A federal bankruptcy court ruled yesterday that approximately $4 million held by the Professional Air Traffic Controllers Organization in what it called a trust fund for its members belongs instead to the union's creditors.
The decision came in a suit filed by the Air Transport Association, a trade association of airlines, which argued that the $4 million was part of the defunct union's assets that should be distributed to its creditors.
Patco filed for bankruptcy in July, 11 months after calling a strike that led to the firing of 11,500 of its members. Under the bankruptcy proceedings, the union's assets are to be distributed by a court-appointed trustee to the union's creditors. The union contended that the $4 million was a subsistence trust fund which would be disbursed to union members at some point.
The nation's airlines are owed an estimated $33 million as a result of fines levied against the union for violating an injunction barring a strike.
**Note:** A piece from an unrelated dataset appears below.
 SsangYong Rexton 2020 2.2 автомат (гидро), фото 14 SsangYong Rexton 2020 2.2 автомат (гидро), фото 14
The bankrupt union's creditors also include the U.S. government, which is owed about $1 million.
"To permit the return of the trust monies to members of the union that have acted in clear defiance of established law would be to reward Patco members for their illegal action," Bankruptcy Judge Roger M. Whelan said in a 16-page decision.
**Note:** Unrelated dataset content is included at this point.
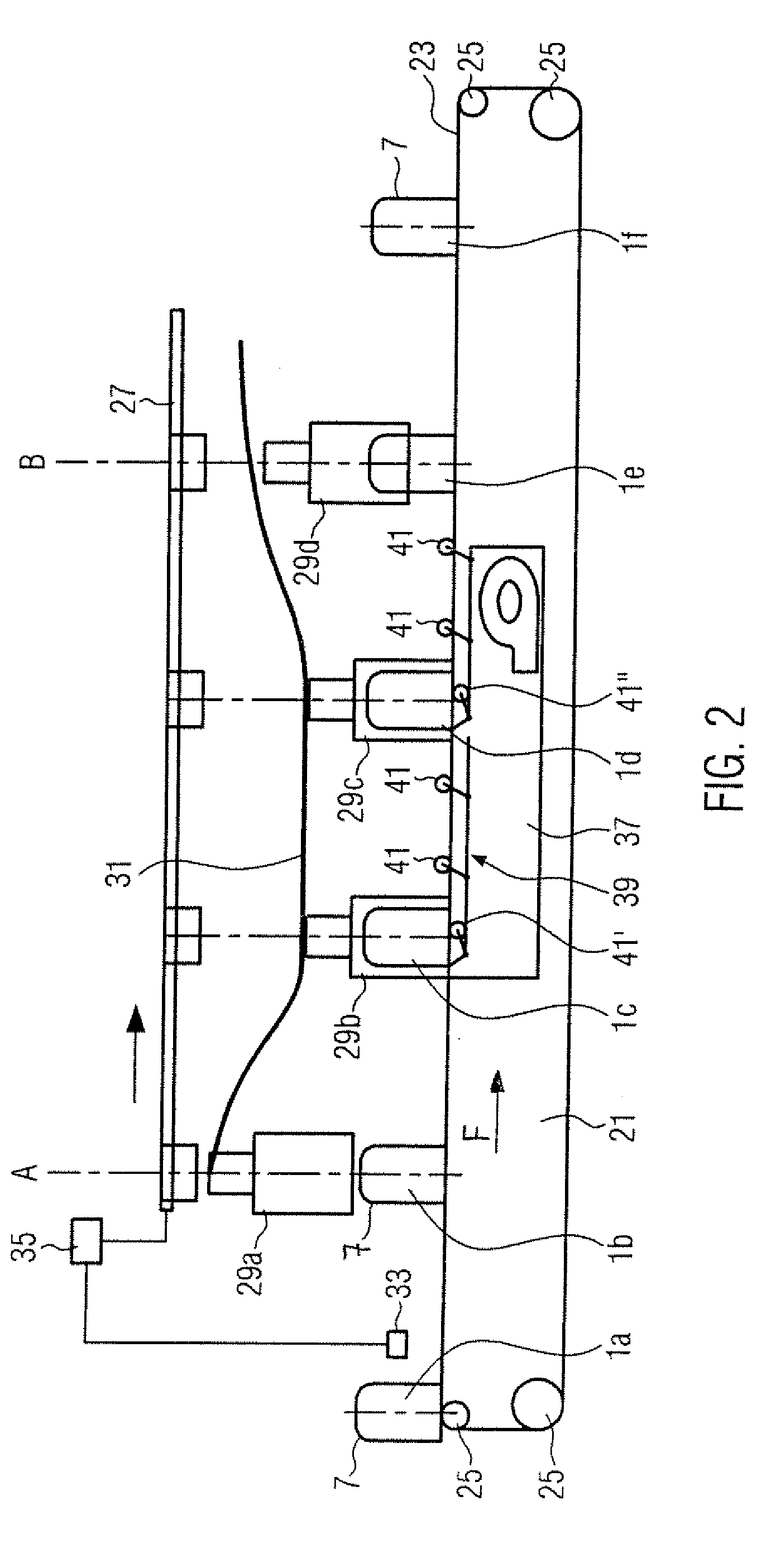 Machine and method for shrink-fitting of shrink wrap film onto packages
Whelan wrote that a trust fund is "void and of no effect" when the purpose of it is to defeat a public policy or where it's prohibited by law. "It is clear to the court that recognition of the trust fund, created as it was to thwart a clear and express public policy against strikes by government employes, would result in a perversion of valid, stated government objectives in defining union activities," he wrote.
ATA said in a statement yesterday that the decision upheld "the important principle that union strike funds designed to aid in an unlawful strike must be available to pay damages caused by that illegal strike." Whatever funds are paid ultimately to ATA from the bankruptcy estate will be earmarked for the benefit of ATA member airlines and will offset partially the losses caused by the strike, the group said.